DCSO/122/2024 du 28.03.2024 ( PLAINT ) , PARTIELMNT ADMIS

En fait
En droit
Par ces motifs
RÉPUBLIQUE ET CANTON DE GENÈVE

POUVOIR JUDICIAIRE

A/3196/2023-CS DCSO/122/24

DECISION

DE LA COUR DE JUSTICE

Chambre de surveillance
des Offices des poursuites et faillites

DU JEUDI 28 MARS 2024

 

Plainte 17 LP (A/3196/2023-CS) formée en date du 2 octobre 2023 par A______, représenté par Me François Membrez, avocat.

 

* * * * *

 

Décision communiquée par courrier A à l'Office concerné et par plis recommandés du greffier du à :

-       A______

c/o Me MEMBREZ François

WAEBER AVOCATS

Rue Verdaine 12

Case postale 3647

1211 Genève 3.

- B______ SÀRL

c/o Me HERITIER Christelle

HERITIER, FARQUET, CHERUBINI

Rue de la Poste 5

Case postale 440

1920 Martigny.

- Office cantonal des poursuites.

 

 


EN FAIT

A. a. Le 14 septembre 2023, sur requête de A______, le Tribunal de première instance a ordonné le séquestre, au préjudice de B______ Sàrl, à hauteur de 109'159 fr., plus intérêts, et de 27'000 fr., des biens suivants :

- le stock de marchandises et le carburant appartenant à B______ Sàrl, situés au lieu de son siège, route 1______ no. ______, [code postal] C______ [GE];

- le stock de marchandises et le carburant appartenant à B______ Sàrl, situés dans les locaux exploités par cette dernière, rue 2______ no. ______, [code postal] Genève;

- le compte bancaire IBAN 3______, ainsi que tous les avoirs, espèces, titres, valeurs, créances, dépôts détenus par B______ Sàrl auprès de D______.

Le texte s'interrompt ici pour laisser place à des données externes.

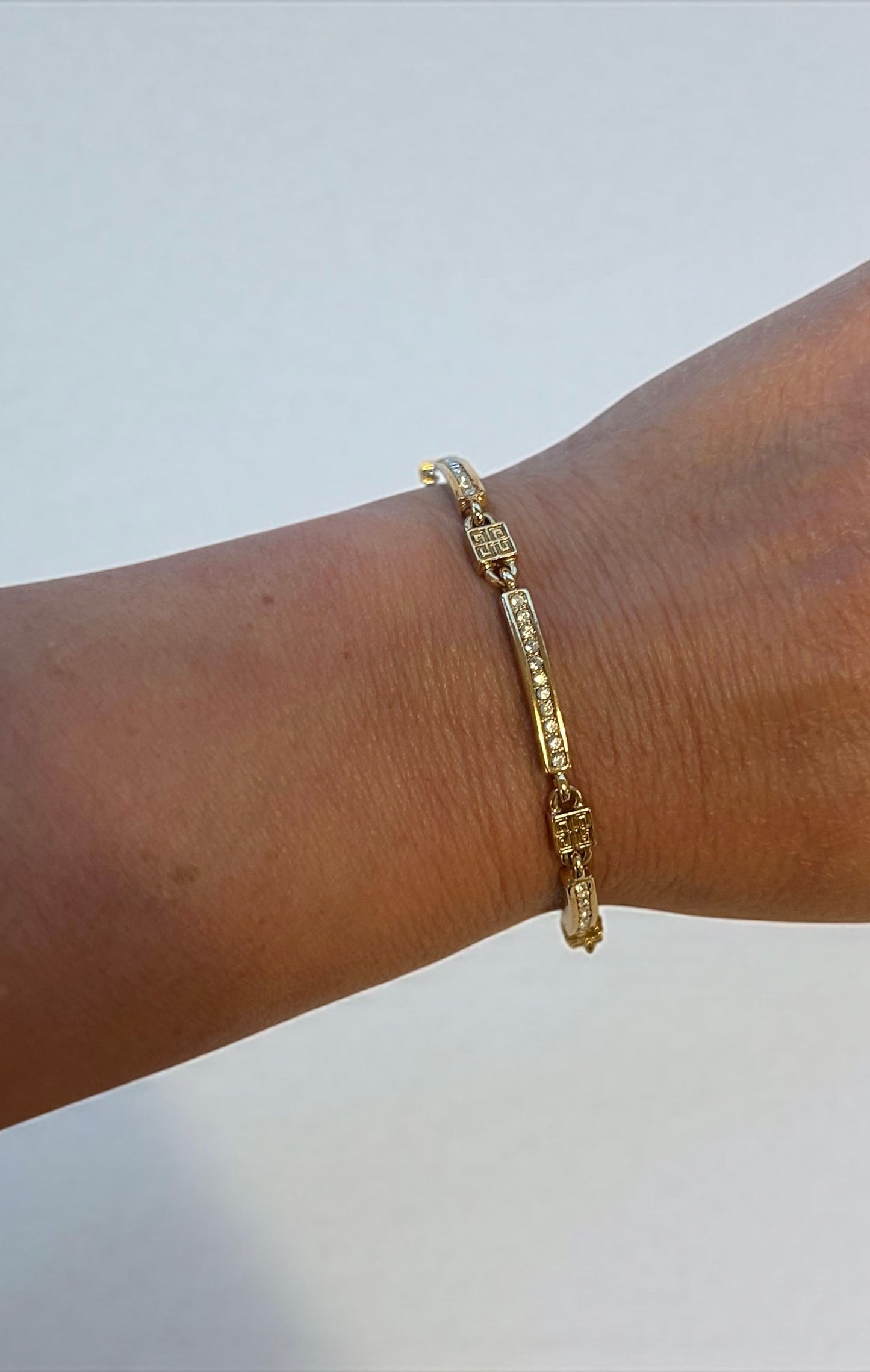 VintyGivenchy Gold-Plated Crystal Bracelet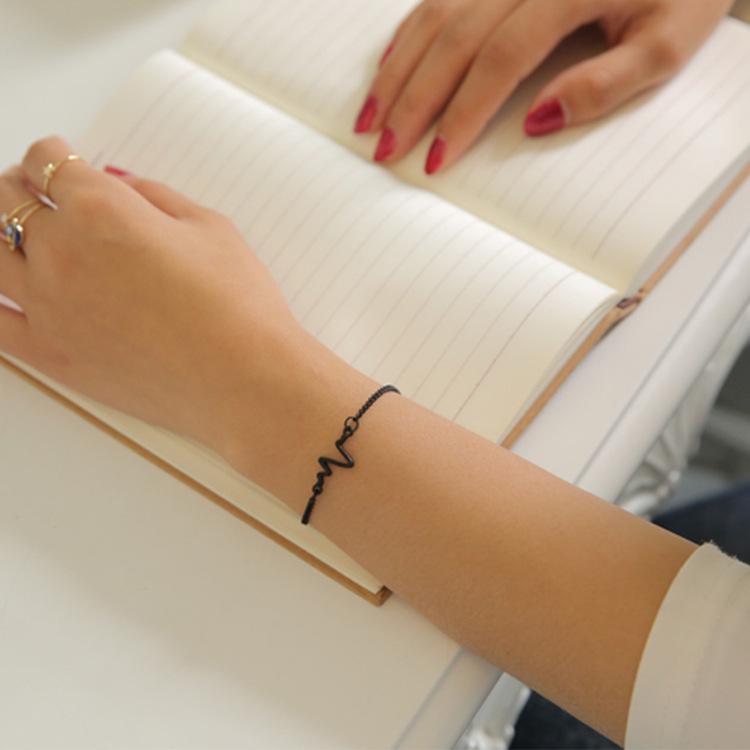 Simple Personalized Design Electrocardiogram Lightning Bracelet, Couple Heart Rate Bracelet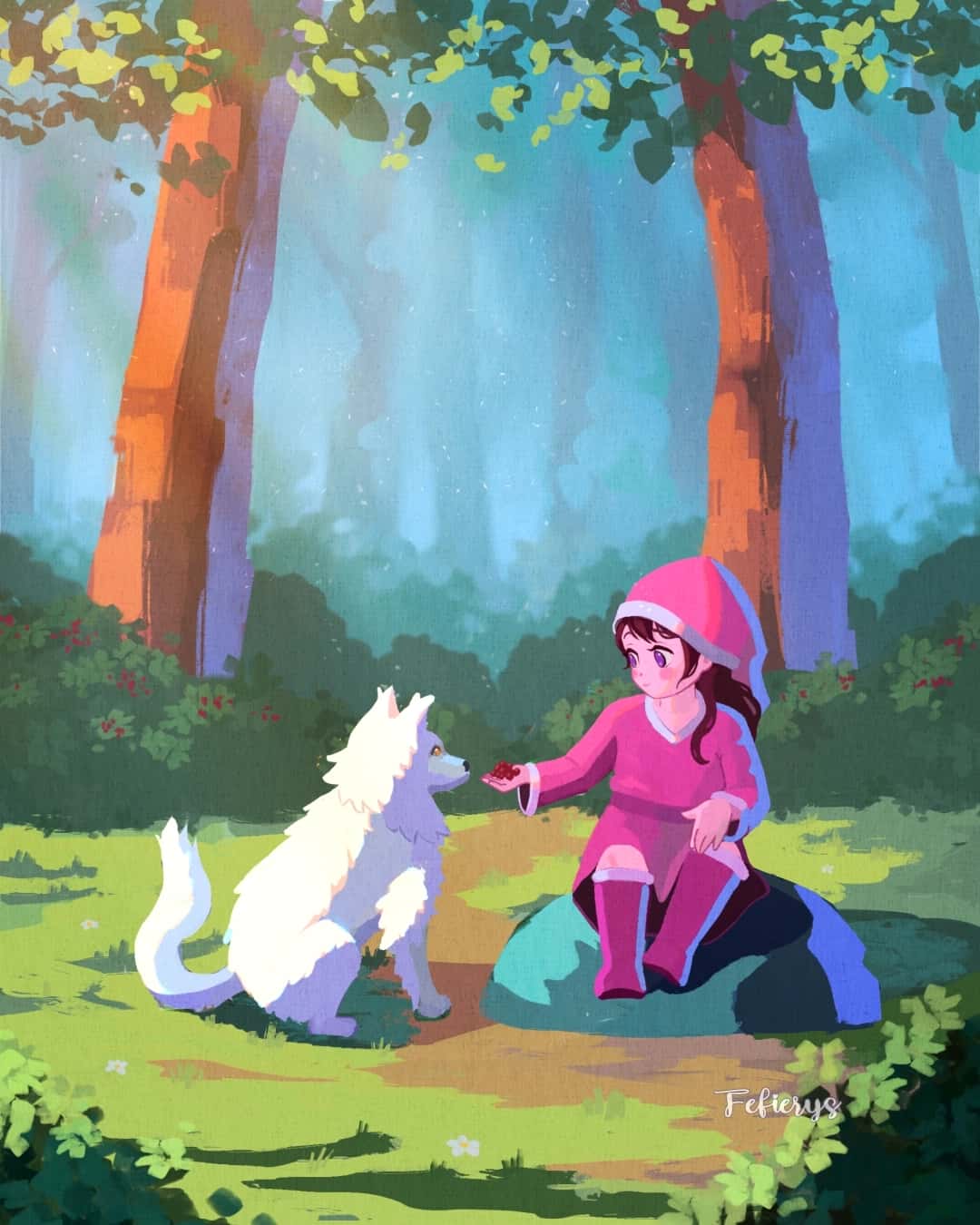 Elf Child Baby Wolf Forest Fantasy Book Full page illustration by Fefierys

b. Le même jour, des collaborateurs de l'Office cantonal des poursuites (ci-après : l'Office) ont été dépêchés à la rue 2______ et à la route 1______ en vue de l'exécution du séquestre sur les stocks de marchandises et de carburant. Selon leurs constatations, B______ Sàrl n'était plus l'exploitante des deux stations de service, celle de la rue 2______ étant fermée avec les présentoirs vides.

C'était la société E______ SA respectivement F______ SA, dont les représentants ont été contactés par l'Office, qui avaient repris ces activités, les contrats d'exploitation avec B______ Sàrl ayant été résiliés.

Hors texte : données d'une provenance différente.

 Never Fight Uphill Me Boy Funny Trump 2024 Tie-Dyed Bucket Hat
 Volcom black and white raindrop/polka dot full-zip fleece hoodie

c. Selon le procès-verbal de séquestre du 20 septembre 2023, l'Office a prononcé un non-lieu de séquestre concernant le stock de marchandises et de carburant sur les sites de la rue 2______ et de la route 1______ et exécuté le séquestre bancaire.

L'Office a fondé sa décision sur des documents reçus de E______ SA et de F______ SA. Selon un courrier de F______ SA du 30 juin 2022 à B______ Sàrl, le contrat de distribution relatif à la station-service de la rue 2______ avait été résilié avec effet au 30 juin 2022. Par ailleurs, selon un contrat de surveillance entre F______ SA et G______ Sàrl, du 30 juin 2022, le bail à loyer de la station-service de la rue 2______ no. ______, liant B______ Sàrl au bailleur, H______, avait été transféré à F______ SA au 1er juillet 2022. Quant à l'arcade commerciale contiguë, F______ SA avait repris le contrat de sous-bail à loyer entre B______ Sàrl et H______. Quant à G______ Sàrl, elle assurait l'exploitation de l'arcade et procèderait à la revente de produits F______.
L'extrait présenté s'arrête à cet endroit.